Nutrition is especially important to the recovery process and in combatting

P.A.W. Poor health contributes to stress and malnutrition contributes to poor

health, physically and emotionally. Changes with physiological systems, caused

by the addiction, may prohibit one’s body from utilizing consumed nutrients.

Abstinence alone will help some, but is usually not enough. A recommended diet

for an early recovering individual would be three well-balanced meals daily, three

nutritious snacks daily and the avoidance of sugar and caffeine. Both concentrated

sweets and over-the-counter stimulants (caffeine being one) give the body a “quick

pick up” but one experiences a “let-down” about an hour later. Nervousness,

irritability and sleeplessness, along with restlessness and concentration

difficulties can accompany this which would inflame the P.A.W process.

Exercise is also important in reducing P.A.W. symptoms. Exercise can

stimulate the production of endorphins and other brain neurotransmitters. These

chemicals are natural chemical transmitters in our brains that regulate all of our

thoughts, feelings and behaviors and also help to reduce pain, anxiety and tension.

Different types of exercises are helpful for different reasons. Stretching and

aerobic exercises are probably most helpful for recovery needs in that stretching

exercises help to keep the body limber and to relieve muscle tensions while

aerobics are rhythmical and vigorous exercises for large muscles. Aerobics are

intended to raise the heart rate to 75% of its maximum rate and maintain that rate

for at least 20-30 minutes. Aerobic exercises are recommended and may include

jogging, swimming, jumping rope and cycling. It is important for the client to

choose a form of exercise that is personally enjoyable.

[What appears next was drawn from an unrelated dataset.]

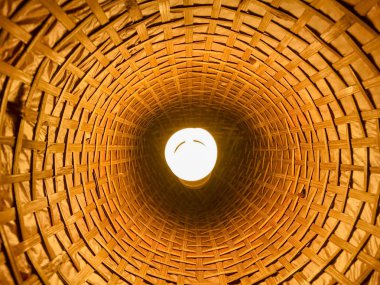 Bambudan yapılmış lambaları kapat, bambudan yapılmış lamba geceleri parlıyor, D.I.Y 'den Tayland' dan kalma eski model tavan ışığı, dekorasyon feneri lambaları. Bambudan ahşap lambalarla süsleme lambaları. Lambalar, bambuyla lambalar.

Relaxation is another prescription for the treatment of P.A.W. is often

claimed to be used for reducing stress and as well a producing serenity. Relaxation

is also a highly individualized activity and examples might include reading, body

massage, laughter, musical pursuits, crafts and hobbies and other creative

endeavors. Deep relaxation provides balances to autonomic systems and initiates

parasympathetic activity which reduces stress hormones (i.e., adrenalin). By

following some of the guidelines presented above, the debilitating effects of Post-

Acute Withdrawal can be reduced or avoided.